I submit that the “chief end of man” is to be co-creative stewards of creation in other-centered community with the perichoretic Trinity and each other. This combines mission and community while giving content to our action. Our primary love and glorification of God are expressed by participating in the mission for which we were created as a community: Exercising dominion and reflections of God.

This “chief end of man” is different from the mission of the Church. The mission of the Church is penultimate. The mission of the Church is to participate in God’s remedial mission of restoring humanity as co-creative stewards in community with the perichoretic Trinity. We best accomplish the Church’s mission by being images of the coming community in the New Creation and by giving testimony about who God is, what God has done, and what God plans to do.
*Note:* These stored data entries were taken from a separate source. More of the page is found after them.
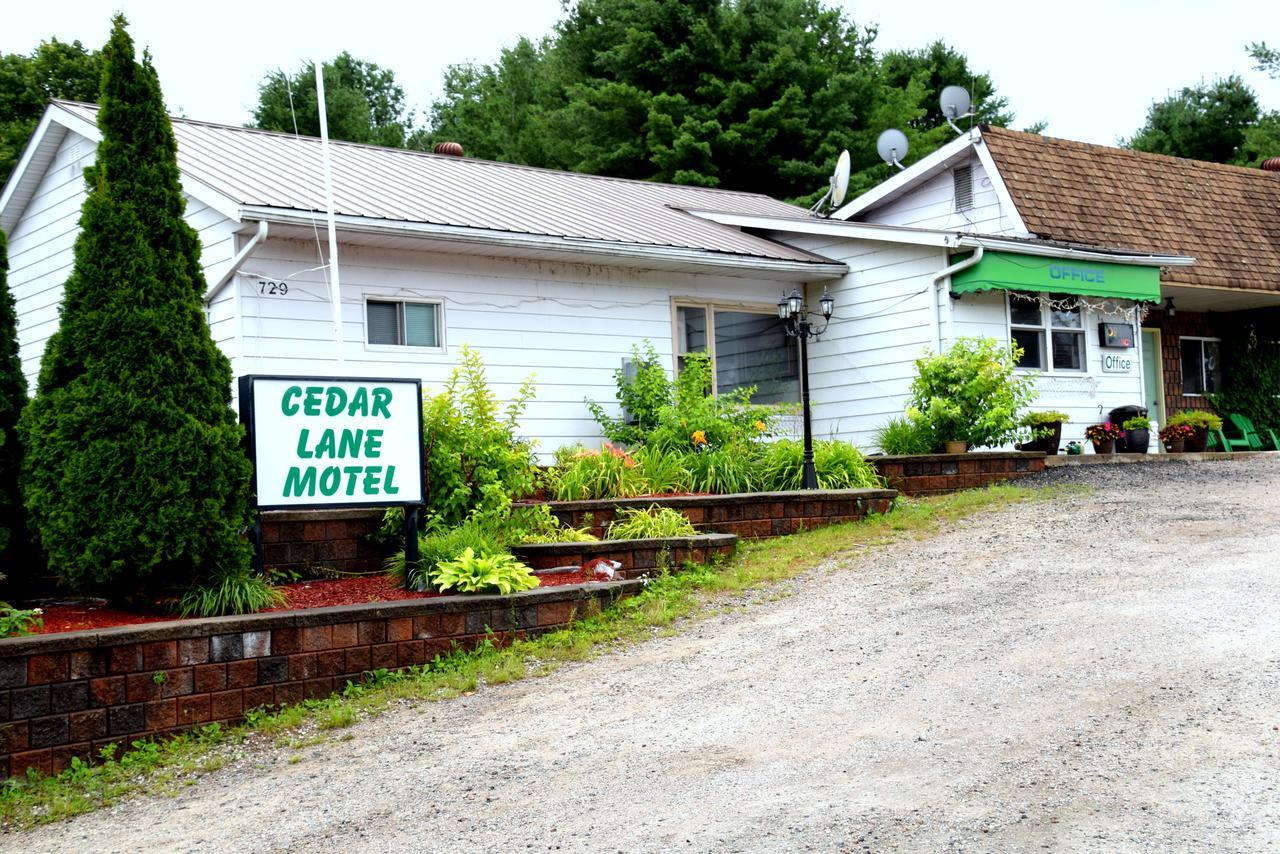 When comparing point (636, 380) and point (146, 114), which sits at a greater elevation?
point (146, 114)

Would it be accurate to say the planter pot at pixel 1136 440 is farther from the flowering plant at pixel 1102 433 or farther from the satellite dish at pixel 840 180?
the satellite dish at pixel 840 180

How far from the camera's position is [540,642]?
25.6 ft

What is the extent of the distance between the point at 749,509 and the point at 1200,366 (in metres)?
12.4

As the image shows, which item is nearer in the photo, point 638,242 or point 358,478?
point 358,478

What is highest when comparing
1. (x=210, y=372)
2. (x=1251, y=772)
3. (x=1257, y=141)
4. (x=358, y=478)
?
(x=1257, y=141)

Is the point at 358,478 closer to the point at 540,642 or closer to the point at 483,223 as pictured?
the point at 540,642

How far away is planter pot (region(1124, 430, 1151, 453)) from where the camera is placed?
15867 mm

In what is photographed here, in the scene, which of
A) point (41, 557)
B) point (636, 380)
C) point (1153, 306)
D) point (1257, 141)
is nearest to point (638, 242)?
point (636, 380)

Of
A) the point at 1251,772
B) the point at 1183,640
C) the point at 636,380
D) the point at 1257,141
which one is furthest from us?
the point at 1257,141

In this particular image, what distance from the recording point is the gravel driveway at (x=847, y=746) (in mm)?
4543

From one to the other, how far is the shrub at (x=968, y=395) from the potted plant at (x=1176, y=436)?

Therefore, the primary locus of the mission of the Church is not as the gathered community on Sunday morning but as God’s people at work in the world, redeeming the daily routines of life and work, as we act in stewardship of the resources (people, money, possessions, mental faculties, all that is under our influence) entrusted to us. Our daily work is central to glorifying God in the present, and our daily work will be for eternity. The work of the gathered community is to foster solidarity among disciples as it equips them for the mission of taking the New Creation into the world, restoring God’s vision of co-creative stewardship in community with the perichoretic Trinity and with each other.

What do you think?


Comments

4 responses to “The Chief End”

  1. Dana Ames Avatar
    Dana Ames

    This is an awesome summary. I wish something like it could have been given to me 30 years ago. It seems like only now there are people willing to look at scripture and think beyond bare doctrine to possibilities for our future life in the resurrection. We can get a sense of an answer to the question, “Why do I exist?”
    Lately I’ve been listening to a lot of NT Wight’s audio presentations (particularly while making two 5-hour-roundtrip jaunts to the nearest airport to pick up/drop off older daughter). These days he’s speaking about what the concept of resurrection means for the church and what is the future of the church. He has noted a couple of times that Rev 20-21 doesn’t really sound like the end; it sounds like the beginning of the next thing in God’s relationship with humanity.
    Go Michael!
    Dana

  2. “I wish something like it could have been given to me 30 years ago.”
    You and me both! 🙂
    “He has noted a couple of times that Rev 20-21 doesn’t really sound like the end; it sounds like the beginning of the next thing in God’s relationship with humanity.”
    Ooooh! I like that! Thanks!

  3. E. Stanley Ott Avatar
    E. Stanley Ott

    Great material. Many would make missional the “end” of God’s intent. I enjoy reflecting on I John 1:3: What we have seen and heard (about Jesus = doxological)we proclaim to you (missional) [the verse does’t end there] IN ORDER THAT we may have FELLOWSHIP (koinonia) – and indeed our fellowship is with the Father and the Son. Which suggests the end of missionality is koinonia (from which on this side of heaven missional endeavor happens so its a bit chicken and eggy until the Eschaton ). Blessings – Stan

  4. Great stuff, Stan. Thanks.
    One of the things I find myself being more keenly attuned to is what seems to me like a Gnostic split in our understanding of our end purpose. It is if our spirits have community with one another but the fact that God has created us as material beings is absent from the consideration of our purpose. We are spirit and matter as one.
    We have a material existance now. We will have new bodies in the new creation to come. It seems to be that something is important to God about our physicality. I think co-creative stewardship of the material world is the mission we were given as the human community. I think it will be so in the world to come. Ala Banks, I think the common mission we share (Trinity and humanity) is creative stewarship of the material world. It is participation in that mission that creates the koinonia with God and causes his eikons to reflect his image as they fill the earth.